The concerns about the excessive pressure from the board from banking executives come at a time when banks are pursuing aggressive business approach following the multifold increase in their paid-up capital.

Most of the banks are found to be making loans at a record high rate even when they have been struggling to find deposits and other sources of funds. The asset and liability management, as it is known in the banking parlance to the mismatch between deposit and loans, is attributed to the pressure to banks to maintain returns to shareholders even after the rise in their capital. Many warn that such approach could spell risks for banks. 

Dahal also said that the risks management committee formed in each institution should be effective to avoid any risks to avoid losses.

“If people in the board are knowledgeable in risks, the committee could become effective,” said Dahal. “For that to happen, we should have professional banker, expert and knowledgable people in the board,” he added. 

Someshwar Seth, CEO of Everest Bank Ltd, said that any risk in banking sector does not come alone. “When a risk comes, it also brings other risks including reputation risk for the institution,” he added. 
For Govinda Gurung, CEO of Civil Bank Ltd, controlling and mitigation of risks in a bank is always a continuous exercise. He said that Nepali banks have been able to avoid huge losses from various risks that they have encountered.

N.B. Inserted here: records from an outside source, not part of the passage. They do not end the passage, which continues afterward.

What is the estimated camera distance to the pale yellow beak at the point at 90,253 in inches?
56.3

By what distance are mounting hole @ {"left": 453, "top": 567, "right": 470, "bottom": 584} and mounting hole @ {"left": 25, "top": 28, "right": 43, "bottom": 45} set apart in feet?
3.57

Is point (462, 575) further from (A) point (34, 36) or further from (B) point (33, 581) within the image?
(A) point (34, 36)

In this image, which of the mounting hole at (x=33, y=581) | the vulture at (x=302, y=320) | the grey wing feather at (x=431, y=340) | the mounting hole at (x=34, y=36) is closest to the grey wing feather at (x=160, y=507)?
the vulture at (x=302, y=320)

“We have survived real estate bubble. We have faced loan-able fund crisis. We have tackled them all. Our regulators deserve the credit. This has become possible not only because we have small market, but our regulators are efficient,” added Gurung. 

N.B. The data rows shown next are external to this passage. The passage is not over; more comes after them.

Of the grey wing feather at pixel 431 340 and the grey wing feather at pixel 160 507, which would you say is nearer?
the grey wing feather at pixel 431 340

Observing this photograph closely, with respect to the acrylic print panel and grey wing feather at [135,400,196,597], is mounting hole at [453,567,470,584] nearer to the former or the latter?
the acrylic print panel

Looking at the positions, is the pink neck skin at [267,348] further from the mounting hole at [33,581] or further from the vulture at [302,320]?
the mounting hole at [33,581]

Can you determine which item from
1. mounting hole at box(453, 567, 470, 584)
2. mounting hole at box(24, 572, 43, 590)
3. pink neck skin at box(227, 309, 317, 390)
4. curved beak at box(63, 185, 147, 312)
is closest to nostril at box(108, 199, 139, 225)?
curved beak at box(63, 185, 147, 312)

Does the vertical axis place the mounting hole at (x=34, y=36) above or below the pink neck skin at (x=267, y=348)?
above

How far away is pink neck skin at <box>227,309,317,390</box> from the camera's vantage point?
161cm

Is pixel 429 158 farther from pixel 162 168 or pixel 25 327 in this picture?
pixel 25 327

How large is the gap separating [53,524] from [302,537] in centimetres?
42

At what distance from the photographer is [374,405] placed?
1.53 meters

“Due to timely action of regulators, prudent and prompt corrective actions, we have managed those risks. Is it sufficient? No. We have foreseen probable risks. But, we never see what kind of risks we will have to face in the days to come,” he added. 

Pradyuman Pokharel, CEO of Muktinath Bikas Bank Ltd, said that while balance-sheet risks are largely manageable, mitigating operational and reputational risks are becoming a challenge for Nepali BFIs.
Also speaking at the program, Benjamin Frank, Group Head at Wholesale Credit Risk of HDFC Bank, India, also shared insights of credit risk and strategic approach to mitigate such risk.